Speeches, Interviews & Other Statements

Complete list of 8,000+ Thatcher statements & texts of many of them

1989 Jan 23 Mo
Margaret Thatcher

Video message on NHS White Paper (Working for Patients)

Document type: speeches
Document kind: Message
Venue: No.10 Downing Street
Source: Scottish TV Archive: OUP transcript
Journalist: -
Editorial comments: 1115-1155. The fifteen minute film was shown to health service managers on the day the White Paper was published (31 January 1989) and sections broadcast by BBC and ITN. MT’s contribution ended the film and was reprinted as a foreword to the White Paper (Cm.555).
Importance ranking: Major
Word count: 272
Themes: -
HEA-R

MT

The National Health Service at its best is without equal. Time and again the nation has seen just how much we owe to those who work in it. A skilled and dedicated staff, backed by enormously increased resources, have coped superbly with the growing demands of modern medicine and increasing numbers of patients. There is a great deal of which we can all feel very proud. The National Health Service will continue to be available to all regardless of income and to be financed mainly out of general taxation.
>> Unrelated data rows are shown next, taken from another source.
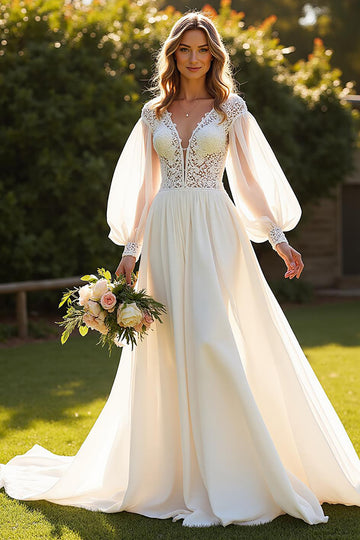 Chiffon A Line V-Neck Court Train Ivory Wedding Dress with Lace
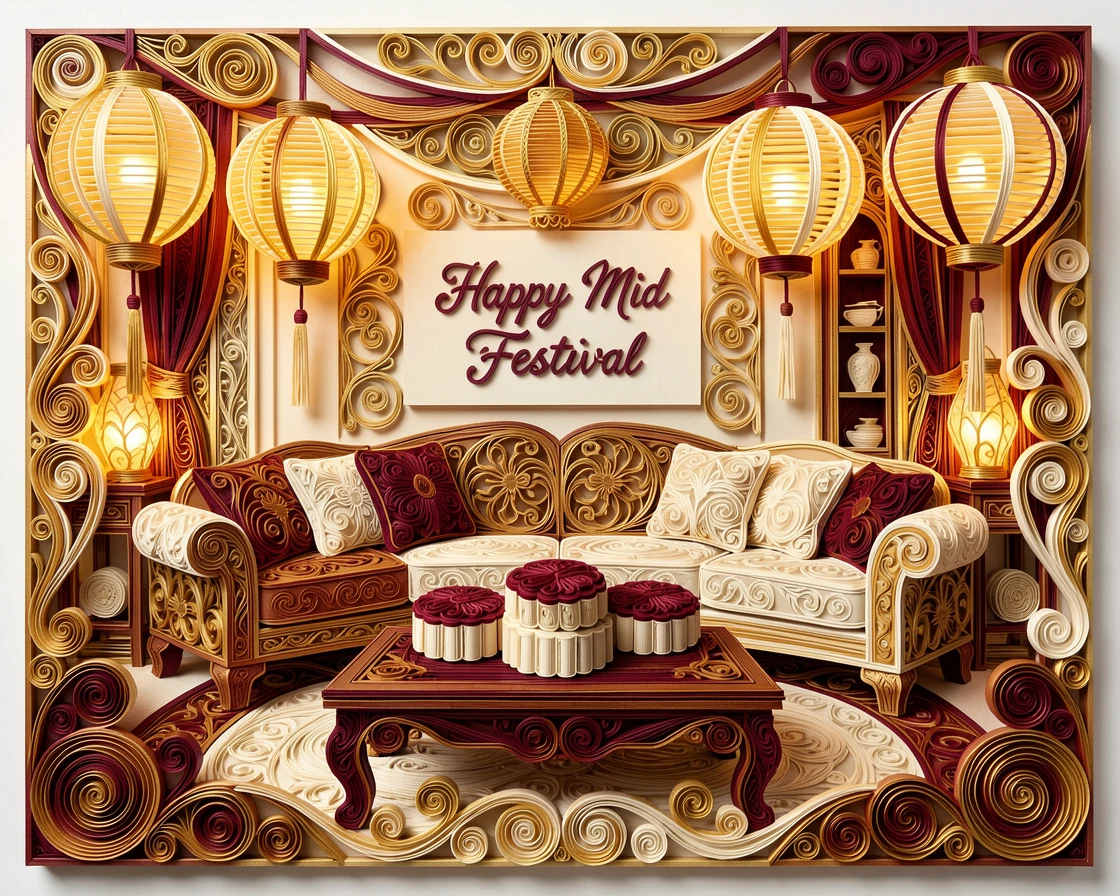 a Mid-Autumn Festival scene with glowing lanterns and mooncakes, in a cozy living room decorated for the holidays, framed by strings of glowing lanterns, in a festive palette of gold, ivory, and deep crimson.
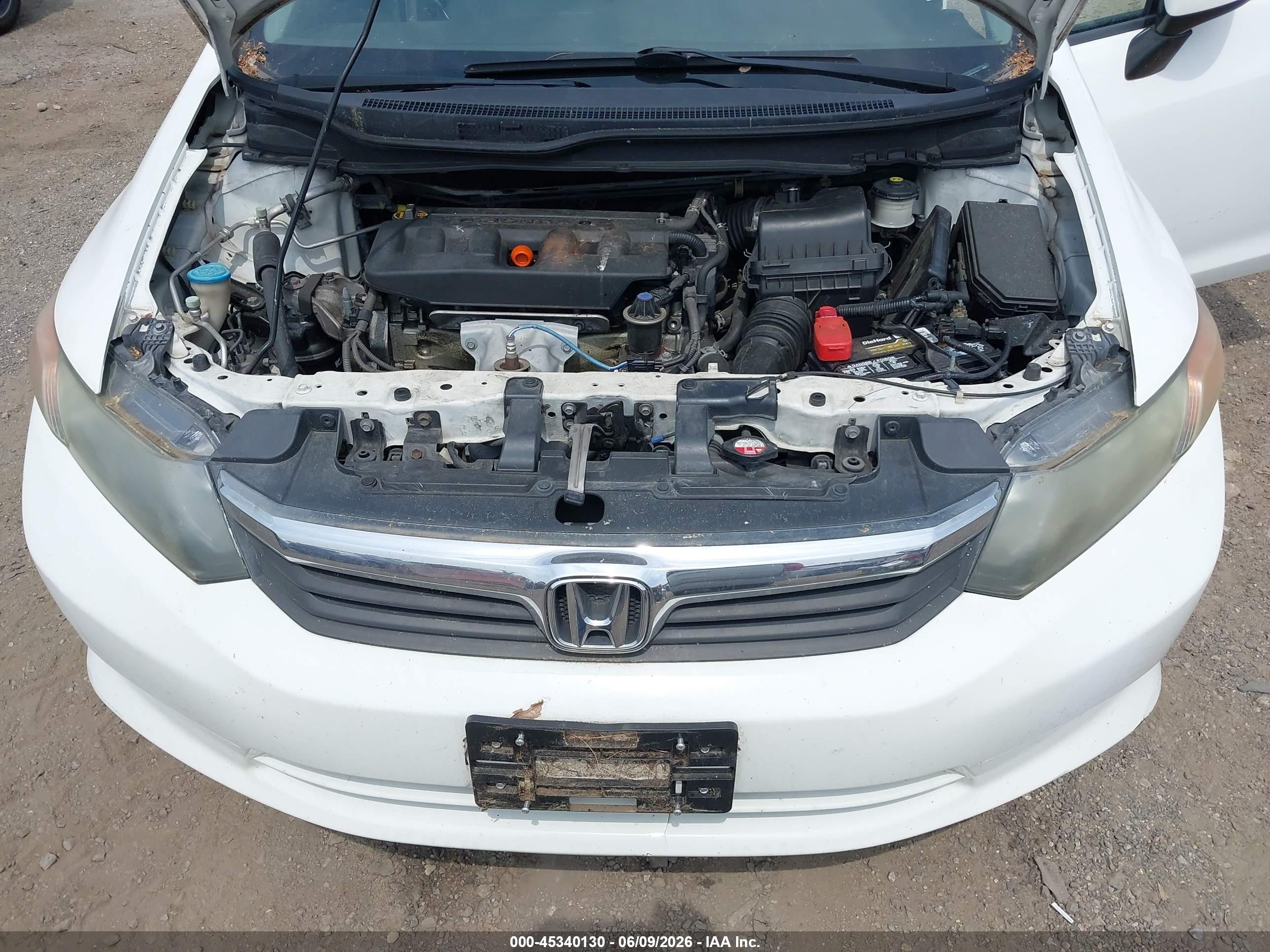 2012 Honda Civic Lx White vin: 19XFB2F5XCE077733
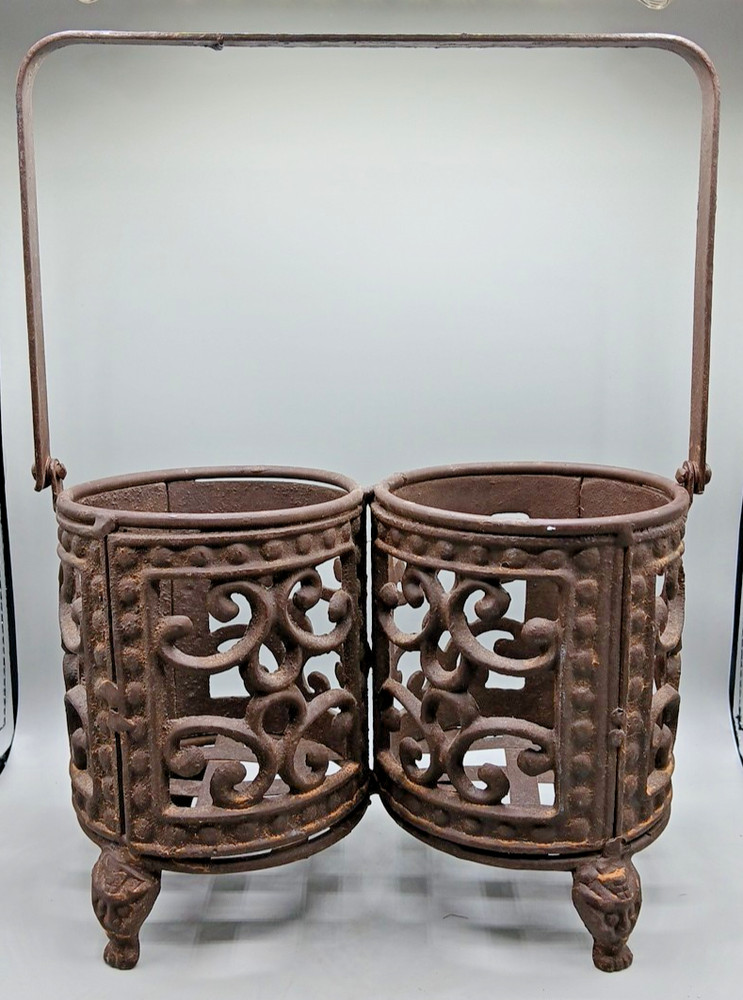 Cast Iron Two Bottles Holder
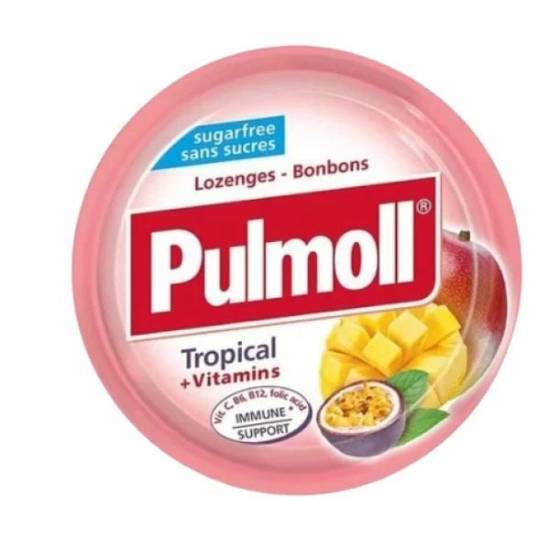 PULMOLL PULMOLL Candies Tropical + Vitamins Καραμέλες Με Γεύση Τροπικών Φρούτων 45gr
But major tasks now face us—to bring all parts of the National Health Service up to tve high standard of the best, while maintaining the principles on which it was founded.
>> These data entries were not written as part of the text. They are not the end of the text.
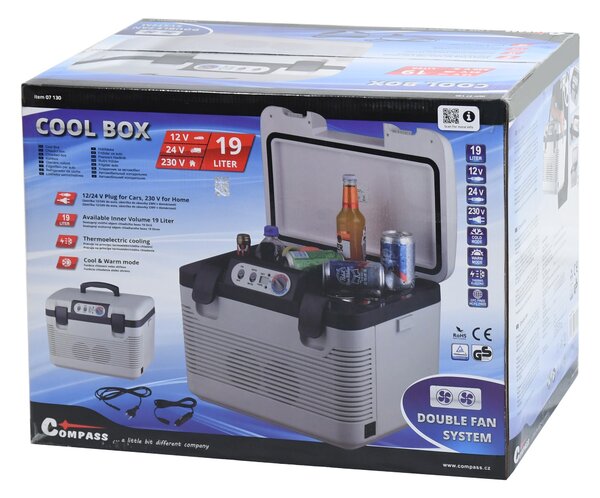 Compass Chladící box 19l + display 230V/24V/12V DOUBLE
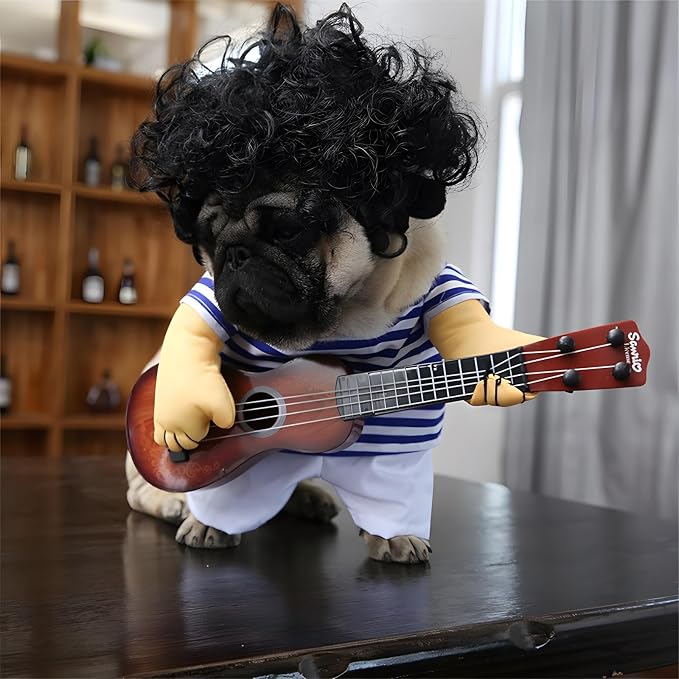 NACOCO Pet Guitar Costume Dog Costumes Cat Halloween Christmas Cosplay Party - Image 3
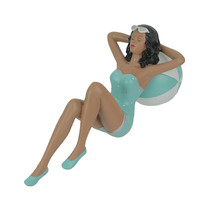 Retro Bathing Beach Girl Laying On Beachball In Turquoise Swimsuit Statue - £23.35 GBP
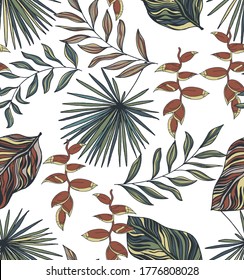 Ilustrasi Stok Hawaiian Floral Seamless Pattern Watercolor Tropical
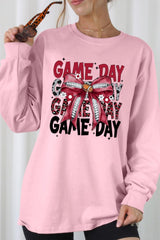 UL240P-E3093 Red Silver Football Bow Plus Long Sleeve Tee $17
And to prepare for the needs of the future. We aim to extend patient choice, to delegate responsibility to where the services are provided and to secure the best value for money.
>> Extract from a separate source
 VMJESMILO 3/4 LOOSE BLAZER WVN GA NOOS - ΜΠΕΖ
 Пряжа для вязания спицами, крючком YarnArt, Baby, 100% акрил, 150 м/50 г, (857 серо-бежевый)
All of the proposals in this White Paper put the needs of patients first. They apply to the whole of the United Kingdom, but there are separate chapters on Scotland, Wales and Northern Ireland to cater for their special circumstances.

We believe that a National Health Service that is run better will be a National Health Service that can care better. Taken together, the proposals represent the most far-reaching reform of the National Health Service in its forty year history. They offer new opportunities and pose new challenges for everyone concerned with the running of the service.

I am confident that all who work in it will grasp these opportunities to provide even better health care for the millions and millions of people who rely on the National Health Service. The patient's needs will always be paramount.